Eines Morgens nach der Pause war Fräulein Cook ganz außer sich. Sie vermißte ihre goldene Armbanduhr, ein Geschenk ihrer Eltern zum bestandenen Lehrerinnenexamen. Sie sagte, sie habe die Uhr in ihren Tischkasten gelegt. Jetzt sei sie verschwunden. Wie aus einem Munde riefen 30 sechsjährige Schüler: "Nolan hat sie gestohlen." Woher wir das wüßten, fragte sie. "Weil wir es gesehen haben", antworteten wir im Chor. Aber sie nahm uns ins Kreuzverhör und bestand darauf, daß wir uns einer solchen Beschuldigung ganz sicher sein müßten. Sie wußte, daß wir Nolan gar nicht gesehen haben konnten, denn während der Pause waren alle auf dem Schulhof gewesen.

Nolan hatte eine Hasenscharte, und 1939 gab es kaum Möglichkeiten, das zu operieren. Sein Gaumen blieb etwas gespalten und die Narbe war zu sehen. Er sprach komisch, zumindest empfanden wir das als Kinder so. Der Junge kam wohl auch aus einem sehr armen Elternhaus, seine Kleidung war schmutzig und er hatte keine Schuhe. Weil er so anders war als wir, war er einsam. Wir fanden ihn andersartig und wiesen ihn zurück. Nun hielten wir ihn sogar für den Schuldigen. Ach, Nolan! Entschuldige, was wir dir angetan haben!

Fräulein Cook verlangte, daß wir gründlich nachdenken sollten und sie befragte jeden einzelnen, sie saß dabei in ihrem Sessel, und als ich an der Reihe war, mußte ich neben ihr stehen und antworten.
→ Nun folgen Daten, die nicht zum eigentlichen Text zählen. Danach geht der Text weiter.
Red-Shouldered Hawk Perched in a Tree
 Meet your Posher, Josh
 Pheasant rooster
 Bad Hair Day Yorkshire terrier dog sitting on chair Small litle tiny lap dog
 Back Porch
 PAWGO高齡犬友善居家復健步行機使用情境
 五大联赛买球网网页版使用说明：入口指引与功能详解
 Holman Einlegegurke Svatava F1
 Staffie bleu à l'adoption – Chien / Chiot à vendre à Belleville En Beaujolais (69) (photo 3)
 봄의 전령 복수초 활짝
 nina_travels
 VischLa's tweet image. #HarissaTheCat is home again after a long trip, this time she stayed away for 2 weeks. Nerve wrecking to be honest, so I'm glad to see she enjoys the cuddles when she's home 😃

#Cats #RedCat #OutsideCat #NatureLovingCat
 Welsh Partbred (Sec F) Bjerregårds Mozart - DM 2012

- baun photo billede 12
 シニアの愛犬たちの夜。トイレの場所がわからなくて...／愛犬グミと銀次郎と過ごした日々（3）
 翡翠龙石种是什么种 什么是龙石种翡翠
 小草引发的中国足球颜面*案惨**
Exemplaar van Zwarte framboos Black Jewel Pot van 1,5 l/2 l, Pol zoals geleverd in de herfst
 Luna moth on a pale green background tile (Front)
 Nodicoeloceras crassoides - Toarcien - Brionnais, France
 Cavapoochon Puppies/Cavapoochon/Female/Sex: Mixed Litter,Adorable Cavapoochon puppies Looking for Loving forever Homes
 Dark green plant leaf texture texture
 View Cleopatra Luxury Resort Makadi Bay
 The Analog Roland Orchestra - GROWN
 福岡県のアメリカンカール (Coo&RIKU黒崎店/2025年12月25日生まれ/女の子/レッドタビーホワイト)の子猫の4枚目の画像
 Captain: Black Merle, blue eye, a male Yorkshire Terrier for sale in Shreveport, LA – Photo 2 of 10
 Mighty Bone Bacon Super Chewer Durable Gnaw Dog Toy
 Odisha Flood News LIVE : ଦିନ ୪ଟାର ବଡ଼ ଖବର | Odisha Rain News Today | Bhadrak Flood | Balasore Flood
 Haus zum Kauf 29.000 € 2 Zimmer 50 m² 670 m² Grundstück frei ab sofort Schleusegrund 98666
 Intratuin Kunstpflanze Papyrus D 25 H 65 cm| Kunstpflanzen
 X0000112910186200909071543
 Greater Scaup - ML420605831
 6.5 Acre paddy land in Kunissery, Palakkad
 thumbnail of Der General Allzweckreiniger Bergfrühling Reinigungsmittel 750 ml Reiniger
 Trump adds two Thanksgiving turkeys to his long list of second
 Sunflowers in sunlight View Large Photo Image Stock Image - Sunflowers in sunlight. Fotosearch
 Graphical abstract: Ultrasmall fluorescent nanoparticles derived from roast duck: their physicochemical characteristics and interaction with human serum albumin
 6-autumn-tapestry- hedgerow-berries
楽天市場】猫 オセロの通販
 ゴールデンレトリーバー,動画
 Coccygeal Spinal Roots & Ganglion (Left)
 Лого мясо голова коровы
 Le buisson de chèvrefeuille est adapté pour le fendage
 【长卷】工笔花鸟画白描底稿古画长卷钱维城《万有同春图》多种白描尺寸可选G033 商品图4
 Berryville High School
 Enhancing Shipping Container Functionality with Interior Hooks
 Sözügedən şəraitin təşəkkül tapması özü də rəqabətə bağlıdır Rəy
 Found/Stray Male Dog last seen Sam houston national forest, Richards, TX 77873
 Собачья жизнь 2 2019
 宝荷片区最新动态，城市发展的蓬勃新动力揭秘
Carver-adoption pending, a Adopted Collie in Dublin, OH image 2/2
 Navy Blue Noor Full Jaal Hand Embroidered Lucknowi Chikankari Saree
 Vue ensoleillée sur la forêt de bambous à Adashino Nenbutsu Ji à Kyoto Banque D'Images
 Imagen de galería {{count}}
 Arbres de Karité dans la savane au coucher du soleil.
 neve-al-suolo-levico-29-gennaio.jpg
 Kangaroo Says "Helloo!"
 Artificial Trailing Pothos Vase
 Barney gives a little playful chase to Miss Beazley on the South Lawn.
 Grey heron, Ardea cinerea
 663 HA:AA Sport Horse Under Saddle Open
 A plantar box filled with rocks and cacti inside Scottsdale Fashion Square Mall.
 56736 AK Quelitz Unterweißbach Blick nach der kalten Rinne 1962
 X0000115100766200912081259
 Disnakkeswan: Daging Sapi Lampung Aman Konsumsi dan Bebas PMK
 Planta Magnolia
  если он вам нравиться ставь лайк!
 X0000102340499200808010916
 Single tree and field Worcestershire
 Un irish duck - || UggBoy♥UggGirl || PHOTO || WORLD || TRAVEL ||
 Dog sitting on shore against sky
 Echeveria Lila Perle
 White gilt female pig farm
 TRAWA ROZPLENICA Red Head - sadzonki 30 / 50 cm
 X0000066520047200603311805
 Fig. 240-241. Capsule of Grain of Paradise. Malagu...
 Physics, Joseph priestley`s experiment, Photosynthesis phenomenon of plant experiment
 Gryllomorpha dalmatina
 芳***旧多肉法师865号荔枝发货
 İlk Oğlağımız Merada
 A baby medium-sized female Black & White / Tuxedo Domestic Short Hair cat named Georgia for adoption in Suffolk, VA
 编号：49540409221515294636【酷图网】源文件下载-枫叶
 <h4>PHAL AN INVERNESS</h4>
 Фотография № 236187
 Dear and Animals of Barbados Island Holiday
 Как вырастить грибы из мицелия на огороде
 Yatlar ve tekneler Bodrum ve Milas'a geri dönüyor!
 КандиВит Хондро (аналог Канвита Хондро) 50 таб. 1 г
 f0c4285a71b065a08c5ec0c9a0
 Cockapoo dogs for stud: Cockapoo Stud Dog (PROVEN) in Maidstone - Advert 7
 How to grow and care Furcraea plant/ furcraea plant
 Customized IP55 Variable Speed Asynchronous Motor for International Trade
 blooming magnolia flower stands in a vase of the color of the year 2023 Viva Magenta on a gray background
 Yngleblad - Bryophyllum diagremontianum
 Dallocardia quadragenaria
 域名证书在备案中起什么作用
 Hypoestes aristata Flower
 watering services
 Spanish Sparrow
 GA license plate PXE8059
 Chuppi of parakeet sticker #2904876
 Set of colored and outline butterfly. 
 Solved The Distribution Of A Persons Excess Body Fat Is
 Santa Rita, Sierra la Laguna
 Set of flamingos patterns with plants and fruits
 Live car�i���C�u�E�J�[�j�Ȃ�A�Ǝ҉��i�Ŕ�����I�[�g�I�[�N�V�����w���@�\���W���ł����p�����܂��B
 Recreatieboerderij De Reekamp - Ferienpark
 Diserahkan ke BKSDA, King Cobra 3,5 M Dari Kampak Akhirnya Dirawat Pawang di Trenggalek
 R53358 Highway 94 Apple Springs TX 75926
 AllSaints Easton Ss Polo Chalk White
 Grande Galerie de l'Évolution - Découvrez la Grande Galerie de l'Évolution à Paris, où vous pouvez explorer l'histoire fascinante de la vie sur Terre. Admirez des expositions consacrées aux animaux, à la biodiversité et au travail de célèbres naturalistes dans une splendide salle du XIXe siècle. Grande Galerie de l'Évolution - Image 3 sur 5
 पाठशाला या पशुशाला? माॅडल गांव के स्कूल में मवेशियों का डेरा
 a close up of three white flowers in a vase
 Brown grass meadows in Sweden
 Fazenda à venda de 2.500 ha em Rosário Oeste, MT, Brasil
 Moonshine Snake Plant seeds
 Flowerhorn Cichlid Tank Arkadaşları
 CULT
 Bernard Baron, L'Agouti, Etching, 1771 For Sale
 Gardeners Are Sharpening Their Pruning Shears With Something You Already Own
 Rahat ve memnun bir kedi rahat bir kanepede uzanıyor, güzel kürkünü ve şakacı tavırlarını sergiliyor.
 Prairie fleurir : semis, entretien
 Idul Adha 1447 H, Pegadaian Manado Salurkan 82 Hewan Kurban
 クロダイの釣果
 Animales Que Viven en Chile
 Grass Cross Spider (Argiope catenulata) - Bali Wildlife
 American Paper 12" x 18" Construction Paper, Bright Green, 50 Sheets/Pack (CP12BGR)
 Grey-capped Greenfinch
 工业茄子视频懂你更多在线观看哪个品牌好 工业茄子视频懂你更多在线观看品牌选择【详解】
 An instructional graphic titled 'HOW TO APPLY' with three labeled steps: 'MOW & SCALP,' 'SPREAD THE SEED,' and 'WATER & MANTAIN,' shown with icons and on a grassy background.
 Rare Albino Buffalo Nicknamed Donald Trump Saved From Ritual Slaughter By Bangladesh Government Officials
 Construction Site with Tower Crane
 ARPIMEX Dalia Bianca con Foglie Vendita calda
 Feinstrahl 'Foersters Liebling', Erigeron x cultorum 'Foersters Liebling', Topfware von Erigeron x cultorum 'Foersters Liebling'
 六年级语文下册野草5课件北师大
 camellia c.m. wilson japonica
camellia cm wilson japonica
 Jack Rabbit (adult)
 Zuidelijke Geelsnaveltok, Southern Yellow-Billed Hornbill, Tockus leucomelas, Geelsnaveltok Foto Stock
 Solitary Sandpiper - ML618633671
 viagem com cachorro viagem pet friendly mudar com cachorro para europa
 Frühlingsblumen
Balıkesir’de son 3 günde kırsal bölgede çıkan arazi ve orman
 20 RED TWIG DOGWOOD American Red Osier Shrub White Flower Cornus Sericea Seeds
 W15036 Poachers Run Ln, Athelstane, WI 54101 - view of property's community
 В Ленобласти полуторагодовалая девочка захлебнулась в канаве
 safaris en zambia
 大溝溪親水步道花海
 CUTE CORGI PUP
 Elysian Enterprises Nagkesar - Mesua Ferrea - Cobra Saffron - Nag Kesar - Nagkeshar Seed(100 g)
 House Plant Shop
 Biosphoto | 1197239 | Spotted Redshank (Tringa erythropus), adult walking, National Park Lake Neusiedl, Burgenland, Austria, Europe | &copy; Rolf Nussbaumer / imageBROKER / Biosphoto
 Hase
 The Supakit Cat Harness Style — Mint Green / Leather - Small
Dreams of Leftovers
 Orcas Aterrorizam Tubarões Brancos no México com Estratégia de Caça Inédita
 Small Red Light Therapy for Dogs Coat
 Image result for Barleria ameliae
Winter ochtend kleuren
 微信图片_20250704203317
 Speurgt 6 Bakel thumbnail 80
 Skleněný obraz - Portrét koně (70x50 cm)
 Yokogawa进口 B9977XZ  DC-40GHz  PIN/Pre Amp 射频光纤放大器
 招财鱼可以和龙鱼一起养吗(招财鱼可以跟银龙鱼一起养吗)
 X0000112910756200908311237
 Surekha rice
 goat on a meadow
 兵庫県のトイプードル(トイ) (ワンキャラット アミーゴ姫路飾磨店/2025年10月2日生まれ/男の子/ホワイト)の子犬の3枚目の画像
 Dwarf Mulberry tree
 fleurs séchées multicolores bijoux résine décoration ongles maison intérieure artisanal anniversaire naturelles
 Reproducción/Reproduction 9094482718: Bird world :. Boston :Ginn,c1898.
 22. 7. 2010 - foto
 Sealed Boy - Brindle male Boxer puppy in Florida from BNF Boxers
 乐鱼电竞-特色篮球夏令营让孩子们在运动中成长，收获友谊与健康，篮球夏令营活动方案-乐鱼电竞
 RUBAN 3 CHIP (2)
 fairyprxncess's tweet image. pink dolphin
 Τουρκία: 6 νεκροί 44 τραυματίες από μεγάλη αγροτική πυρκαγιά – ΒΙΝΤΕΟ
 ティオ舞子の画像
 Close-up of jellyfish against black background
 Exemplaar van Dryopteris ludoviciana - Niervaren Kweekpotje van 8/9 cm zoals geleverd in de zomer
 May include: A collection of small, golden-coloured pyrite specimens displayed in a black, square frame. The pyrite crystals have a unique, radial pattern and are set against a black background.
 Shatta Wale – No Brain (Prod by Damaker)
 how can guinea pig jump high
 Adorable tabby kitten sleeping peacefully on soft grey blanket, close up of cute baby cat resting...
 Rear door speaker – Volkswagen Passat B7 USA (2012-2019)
Ich erinnere mich immer noch an das peinliche Gefühl, ihr so nahe zu sein. Aber schön war es doch. Als ich sagte, wir hätten Nolan beobachtet, wie er ihre Uhr in die Mülltonne geworfen habe, meinte sie, es sei kein Beweis, wenn ich Nolan dort nur gesehen hätte. Wir alle wußten, daß er jeden Tag dorthin ging, um nach weggeworfenen Frühstücksbroten zu suchen, weil er Hunger hatte. Die Uhr war nicht in der Mülltonne zu finden.

Fräulein Cook gab mir so eine Lektion über Intoleranz, die ich niemals vergessen habe. Später, im Gefängnis, erinnerte ich mich noch oft an Fräulein Cook. Ich hätte mich gern bei ihr dafür bedankt, daß sie in mir gefestigt hat, was meine Eltern mir vorgelebt haben. Liebes Fräulein Cook, ich verrate Ihnen nun ein Geheimnis: Sie haben mich für 22 Jahre ins Gefängnis gebracht!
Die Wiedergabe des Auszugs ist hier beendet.